Moema C. S. Olival, Aidenor Aires, Miguel Joge, Prof. Rogério Santana e Luiz de Aquino - AGL, 22/10/2015 |
Ainda
de escritores centenários
De repente,
chegamos à última semana do décimo mês de 2015 e parece, sob a ótica política e
econômica, que o carnaval ainda não chegou – se levarmos a sério a máxima de
que o ano só começa após a quarta-feira de Cinzas. Mas o ano se acaba, sim,
para o cidadão comum, o que vive de salários e que deve prestações, luta para
quitar contas de água, luz, condomínio, impostos e comida – e não falei de
segurança e saúde.
Desde o ano
passado, venho me empenhando em homenagear – e nisso vai a intenção de
preservar suas memórias – quatro grandes escritores goianos que viram a luz no
ano 15 do século passado.
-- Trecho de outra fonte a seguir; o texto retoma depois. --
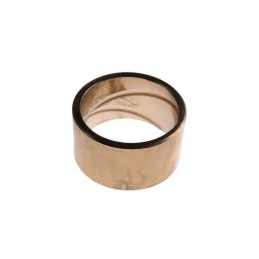 C 360 pump drive bushing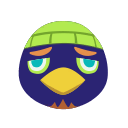 jacques Discord emoji
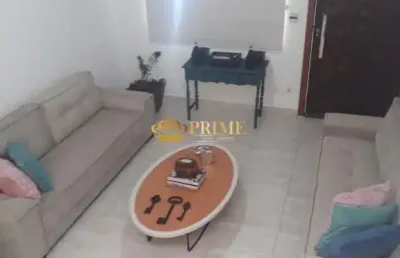 Casa com 4 quartos à venda na rua thereza biondi pereira, 235, parque jambeiro, campinas, 158 m2 por r$ 720.000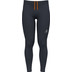 Odlo Essential Warm Legging Heren
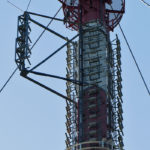 lichtenberg7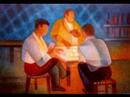 Louis TOFFOLI Lithographe et peintre 1907-1999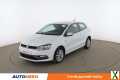Photo volkswagen polo 1.0 Lounge 3P 60 ch
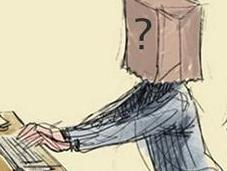 GooglePlus social desconocidos?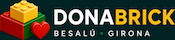 donabrick.es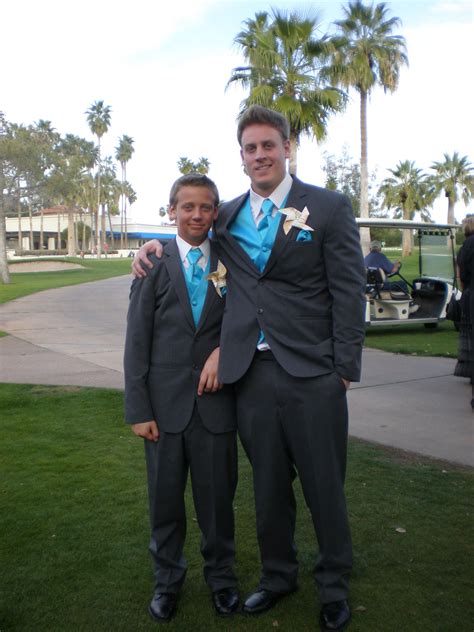 wedding cousin, Corey & Dylan | Suit jacket, Single breasted suit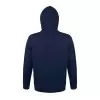 SWEAT SHIRT PUBLICITAIRE MIXTE 'SNAKE' 280 GR/M²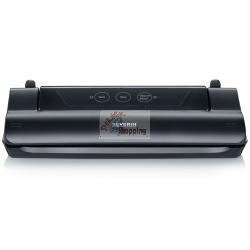 SEVERIN FS 3610 MACCHINA SOTTOVUOTO MOD. FS3610 EAN 4008146031076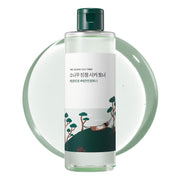 Round Lab PINE CALMING CICA TONER, 250ml Round Lab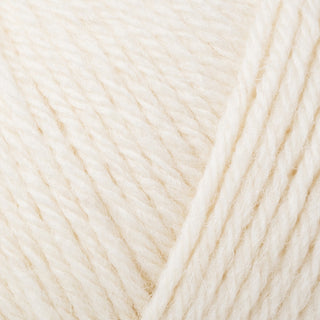 Rowan Pure Wool Worsted Aran 100g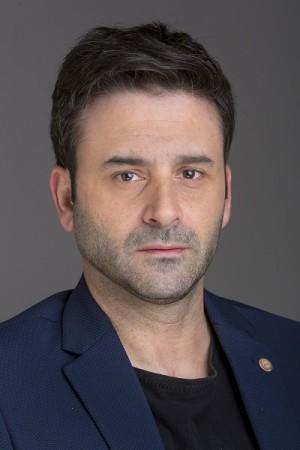 Picture of Guy Loel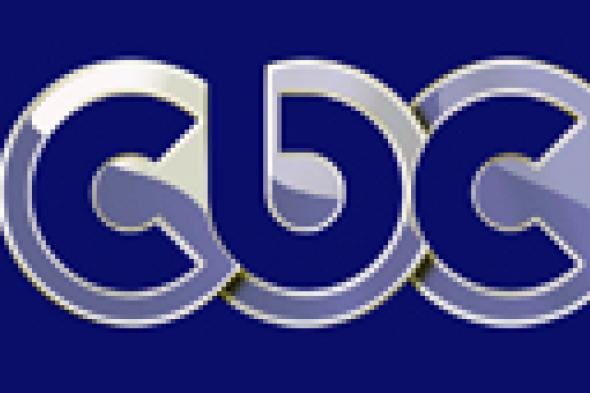 CBC  تخصص قيمة إعلانات حوار "السيسي" لإعمار دور العبادة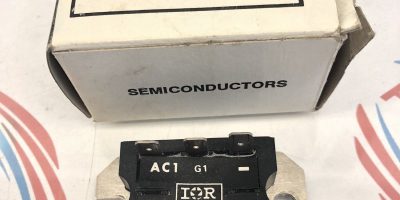 31152-001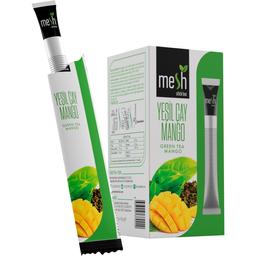 Чай зеленый Mesh Stick с манго, 2 г х 16 шт. (928732)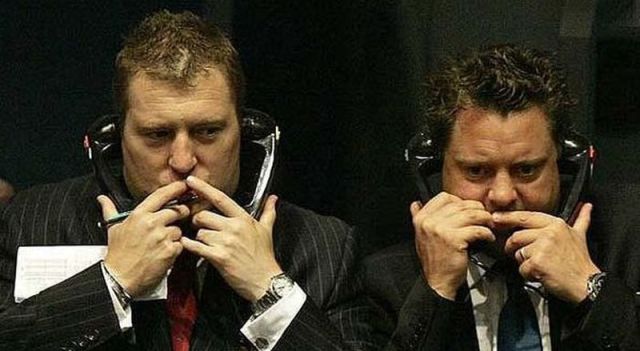 morning picdump 56 pics 12.html - 56 HD Photos | Premium Gallery 2012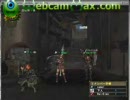 【ＭＨＦ】ＨＲ29のド素人がＭＨＦ放送【裸９９～きゃめるｖｓモス～】
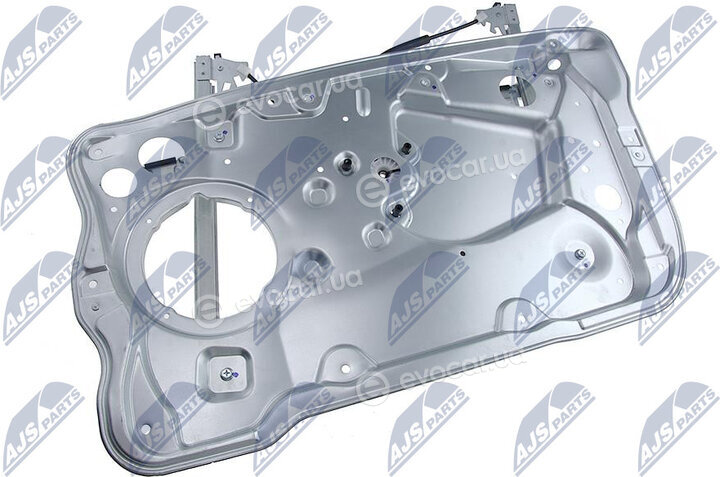 NTY EPS-SK-002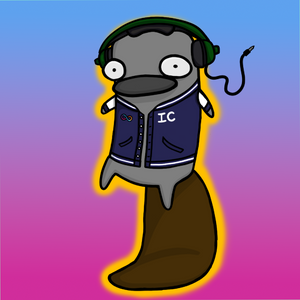 platypus: 778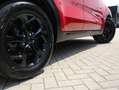 Kia Sportage 1.6 T-GDI Black Edition I Automaat I Panoramadak I Rojo - thumbnail 6
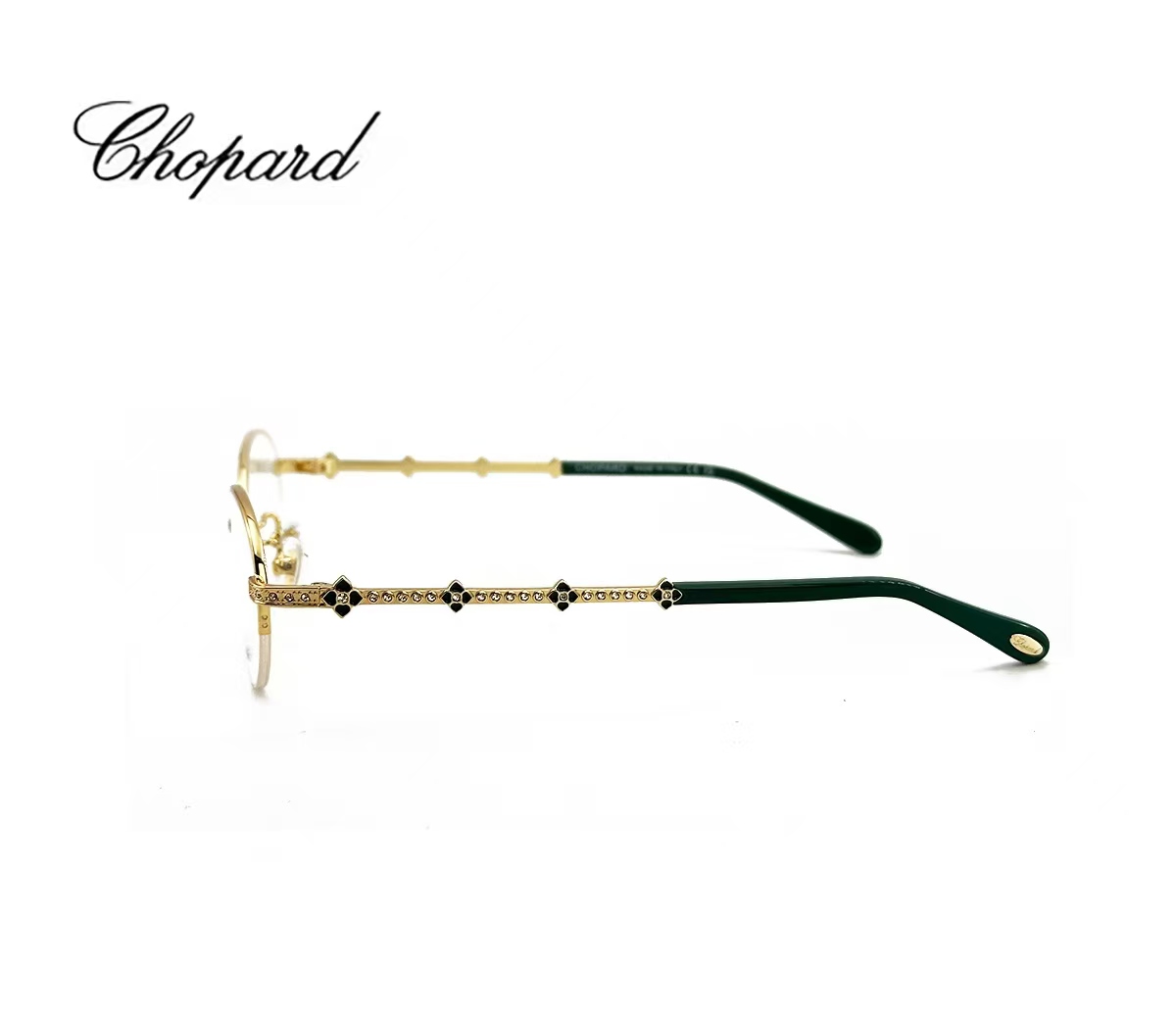 ChoPar*肖邦⭐️⭐️⭐️MODEL：VCHA51J ⭐️⭐️⭐️SIZE：53口18-140⭐️⭐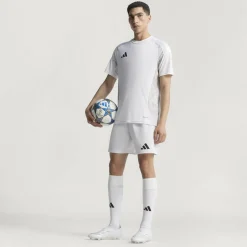 UEFA Champions League Pro 25/26 League Unisex Outdoor-Fußball
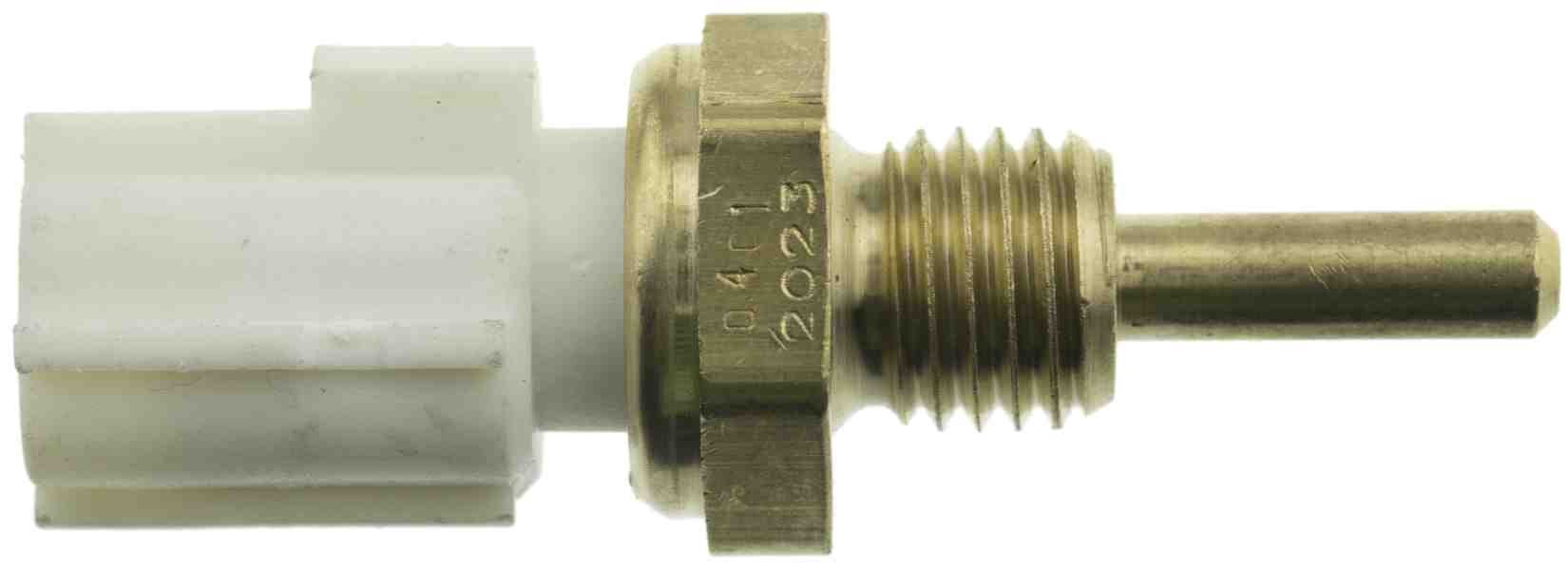 NTK Engine Coolant Temperature Sensor
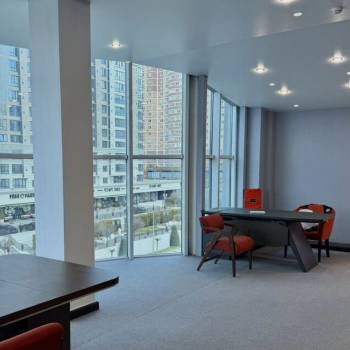 Сдается Офис, 56 м²
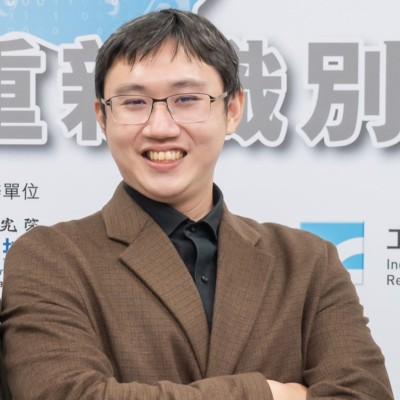 谷歌2023博士奖学金公布,67位博士生获奖,华人近20位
Os nossos quatro centenários são José J. Veiga (2 de
fevereiro), Eli Brasiliense (18 de abril), Bernardo Elis (15 de novembro) e
Carmo Bernardes (2 de dezembro).
Bernardo Elis |
Conclamei o
governador Marconi Perillo a apoiar-nos nessa empreitada. Obviamente, a missão
é, pela natureza e pelo seccionamento da máquina estatal, da competência da
Cultura – mas os órgãos capazes não se animaram. A Academia Goiana de Letras
fez a sua parte ao acatar minha propositura e na última quinta-feira, 22 de
outubro, encerrou-se a programação, estendida desde o início do ano. A seu
tempo, o poeta Aidenor Aires proferiu palestra sobre Eli Brasiliense, que o
antecedeu na Cadeira; eu próprio falei de Carmo Bernardes, de quem sou sucessor
na Academia; José Fernandes discorreu brilhantemente sobre a obra de José J.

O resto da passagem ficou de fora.